TASK TO COMPLETE: Please take the records that follow and repeat exactly the lines starting with the line with "New Original Bluetooth" and going on through the line with "Barnboksfestival 17 maj på Medborgarplatsen".

DATA PROVIDED:
Content starts

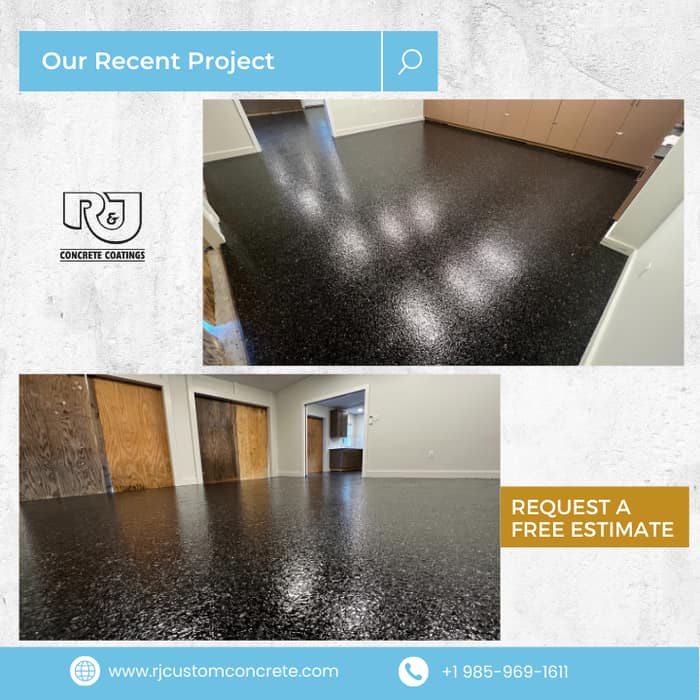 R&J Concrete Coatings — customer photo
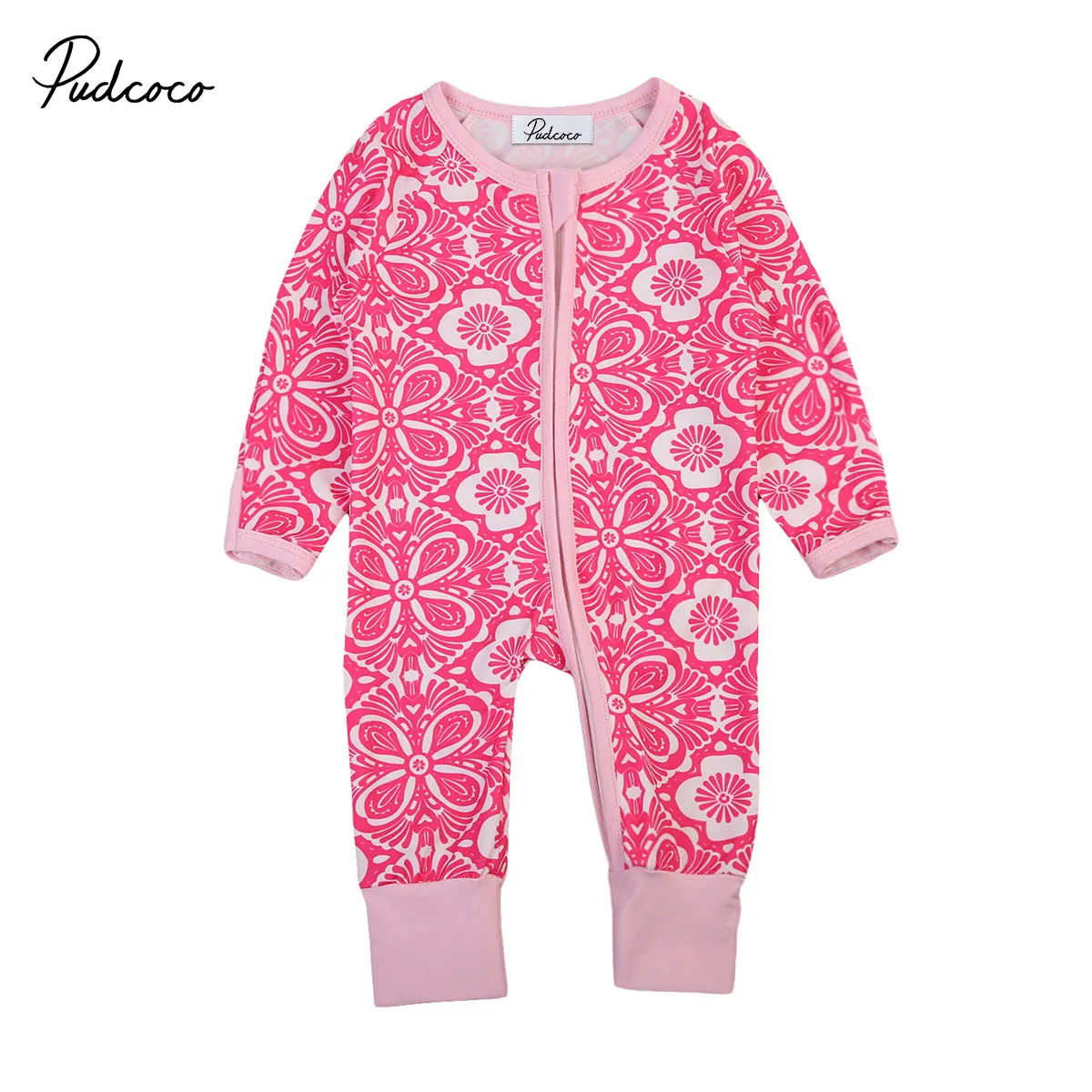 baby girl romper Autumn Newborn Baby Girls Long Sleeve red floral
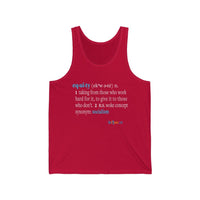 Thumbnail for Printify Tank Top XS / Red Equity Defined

Content ends
Content starts

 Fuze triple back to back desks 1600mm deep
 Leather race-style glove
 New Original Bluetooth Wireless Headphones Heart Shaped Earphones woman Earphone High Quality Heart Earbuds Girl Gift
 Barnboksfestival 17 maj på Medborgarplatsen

Content ends

TASK SOLUTION:
 New Original Bluetooth Wireless Headphones Heart Shaped Earphones woman Earphone High Quality Heart Earbuds Girl Gift
 Barnboksfestival 17 maj på Medborgarplatsen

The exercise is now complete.